The first player’s move could depend on the second player’s, in which case the second player won’t get the answer is a closed form, the answer must be a function of the second player’s move...

But if the second player has more computational power, it can just keep simulating the first player until the first player runs out of clock cycles and has to output something.

I don’t understand your reply: exact simulation is brute force that isn’t a good idea. You can prove general statements about the behavior of programs on runs of unlimited or infinite length in finite time. But anyway, why would the second player provoke mutual defection?

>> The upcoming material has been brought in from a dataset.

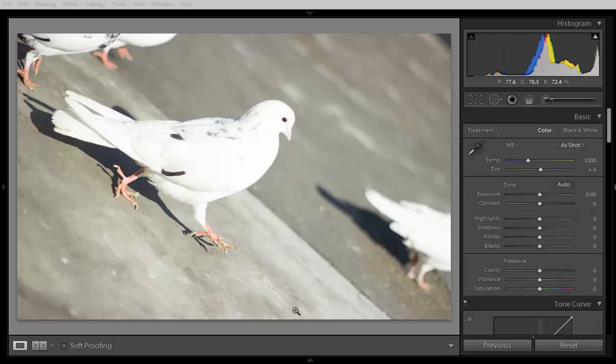So I am in the development module of Lightroom 5 and I am using a RAW image as you can see here.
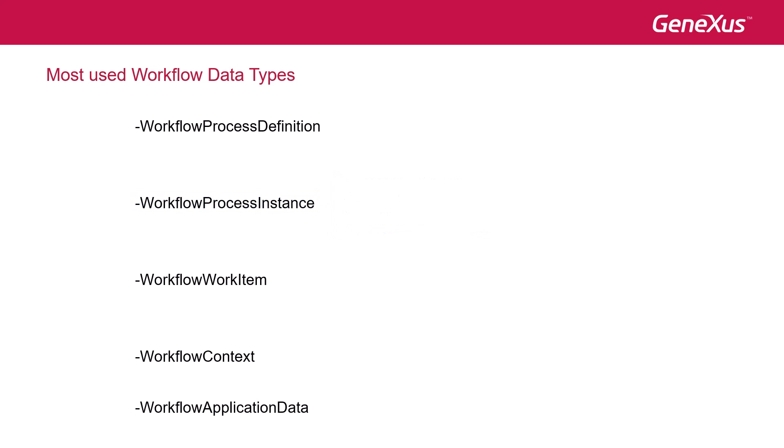The workflow work item class enables us to know the work that needs to be done by participants in the context of an activity, within the process instance. Its process instance provides us with information on the process instance to which the work item belongs. And the activity property returns the activity that generated the work item. The assign method enables us to assign a work item to a specific user, and the complete method enables us to end the execution of the work item.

In my formulation, it doesn’t have a choice. Whether or not it does exact simulation of the first player is determined by its “mathematical intuition subroutine”, which I treated as a black box. If that module does an exact simulation, then mutual defection is the result. So this also ties in with my lack of understanding regarding logical uncertainty. If we don’t treat the thing that reasons about logical uncertainty as a black box, what

shouldwe do?ETA: Sometimes exact simulation clearly

isappropriate, for example in rock-paper-scissors.Conceptually, I treat logical uncertainty as I do prior+utility, a representation of preference, in this more general case over mathematical structures. The problems of representing this preference compactly and extracting human preference don’t hinder these particular explorations.

I don’t understand this yet. Can you explain in more detail what is a general (noncompact) way to representing logical uncertainty?